Monday, April 26, 2010

halo hanging over my head, i hope you're never gonna fade out

some days i am like BURSTING WITH HAPPY and other days i'm just not.
today i took two of my six final exams. in ten (TEN TEN TEN) short days i will be D-O-N-E with this school year. guess who cannot wait? i came home from school today and swept the floor and washed the dishes and recorded a new voicemail message and even cracked a book for an exam i don't have for SEVEN more days! listen, i drank a red bull today and i think it made me a better person? i also decided its always better to take the time to make a nice outfit for yourself. something about a skirt swishing that can perk you up even on a rainy day (which is exactly what today was) today i was chipper! today i was like a small spot of sunshine skipping over puddles and holding my head up in the sky. i even didn't feel that guilty about eating two pieces of pizza! i'm not sure where this came from but writing this post specifically to lock this little light somewhere.
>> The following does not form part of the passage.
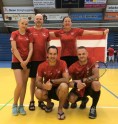 Latvijai divas bronzas medaļas eiropas čempionātā krosmintonā - 1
i also wanted to talk about my eventful/exhausting weekend. thursday (the day my weekend starts) was my first day on the booze in what felt like forever (whatever - don't say you wouldn't feel the same). i enjoyed white wine in the company of so many girl friends at a clothing exchange hosted by the lovely amber. i came away with some mega awesome stuff and a mega awesome hangover. friday i nursed my ills for the greater portion of the afternoon and then met up with stephanie for a date at our favorite karaoke spot: karaoke one 7. we sang for nearly 3 hours and killed everything. which do i think are our new bests?






(embedding is disabled for the actual music video for this song, but its pretty amazing, you can watch it here: http://www.youtube.com/watch?v=1Vx2s2G88b0 )

i also closed the amazing session with the eagle's version of desperado. it was ill. don't worry. i actually videoed so many of our performances but due to some weird glitch when i was uploading all of the videos were lost. GASP! there is always a next time! then we headed to west times square for kaitlin's open studio, saw some peoples, ate some snacks, bought some hangers, headed home. had so much prepping to do for the hester street fair opening day on saturday where happy cuties made its manhattan debut. i have no pictures to prove this event took place, sorry, i was too busy making boku bucks. a thousand dollars. nbd. but seriously, it was awesome and exhausting and i still have so much crap despite making money so i am going to do it all over again on may 15th and i hope you can come by!

what else, you ask? well i am quite looking forward to going upstate immediately after i finish school. hopefully with a few friends in tow. or a bunch. or one. or whatever.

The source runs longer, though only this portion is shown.